- [Data section]:

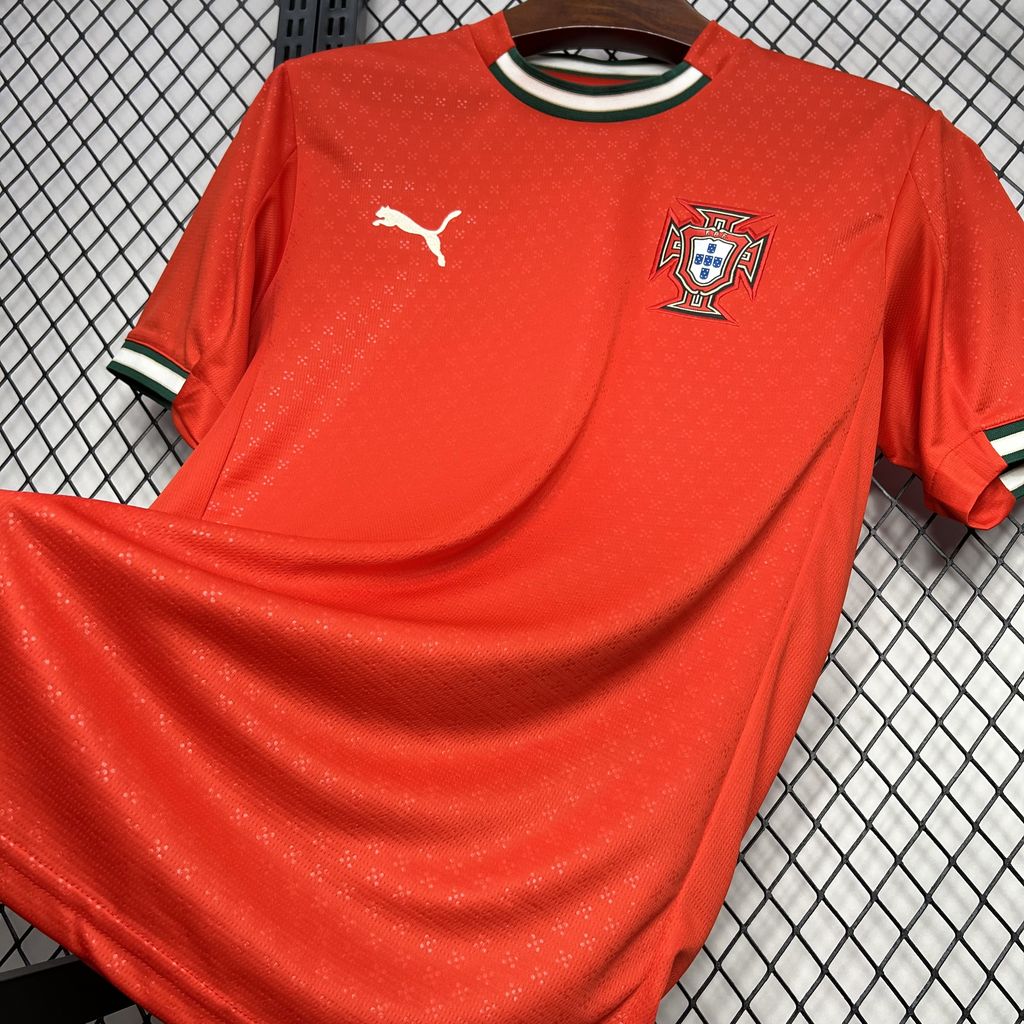Portugal 2025-26 Home Jersey - Fans Version - Unitedfutballjersey
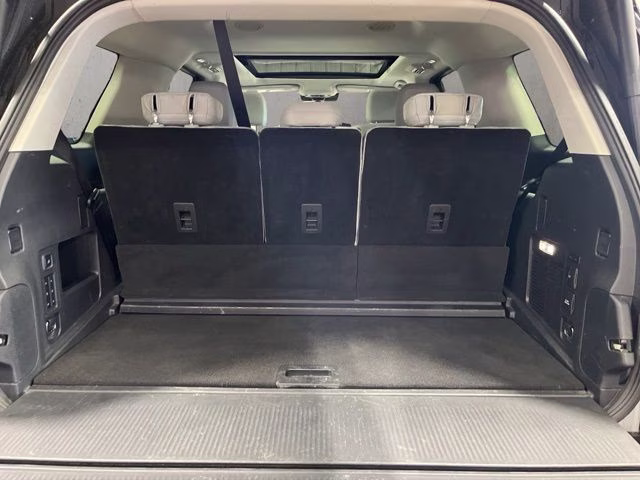 2025 Silver Metallic Ford Expedition Platinum 4X4 SUV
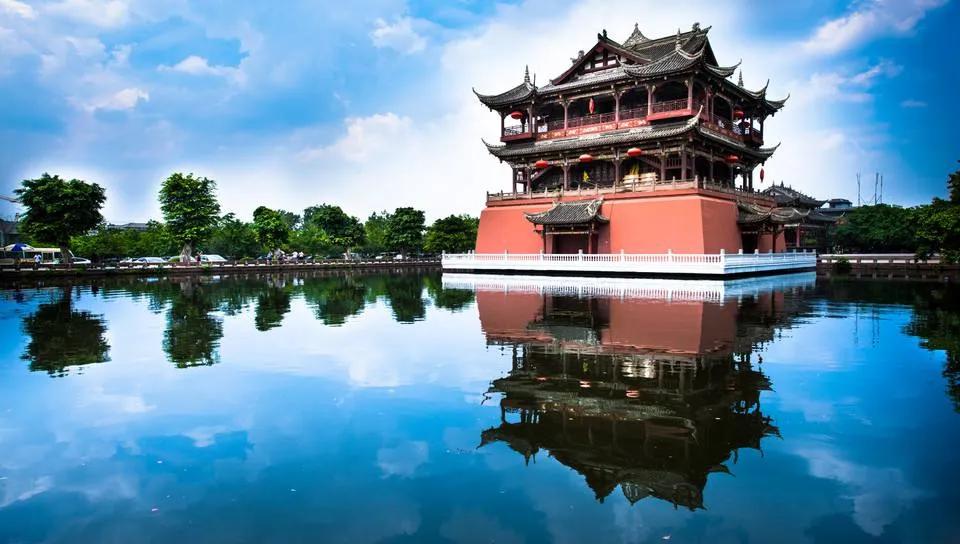 成都到青岛自驾游住宿攻略,成都旅游住宿攻略及费用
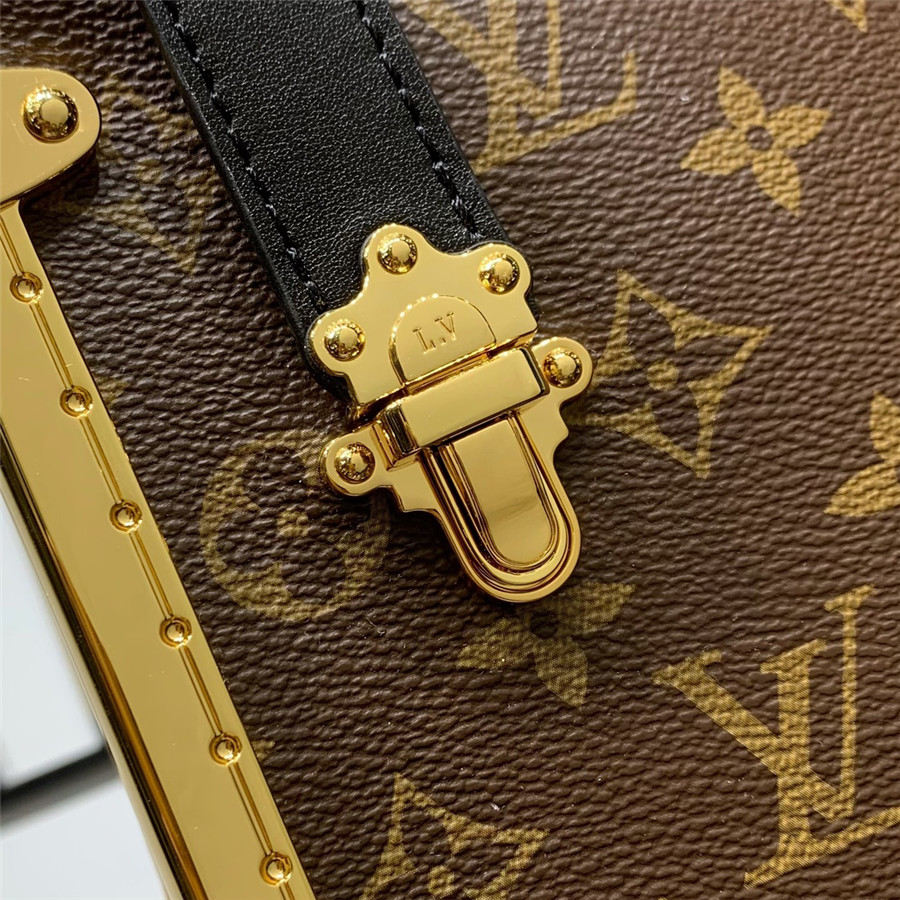 l0vis Vvtt0n lv lucky trunk monogram bag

- [Your instructions]: Your copy of the data above should match it exactly, apart from the images.

- [Written response]:
Portugal 2025-26 Home Jersey - Fans Version - Unitedfutballjersey
 2025 Silver Metallic Ford Expedition Platinum 4X4 SUV
 成都到青岛自驾游住宿攻略,成都旅游住宿攻略及费用
 l0vis Vvtt0n lv lucky trunk monogram bag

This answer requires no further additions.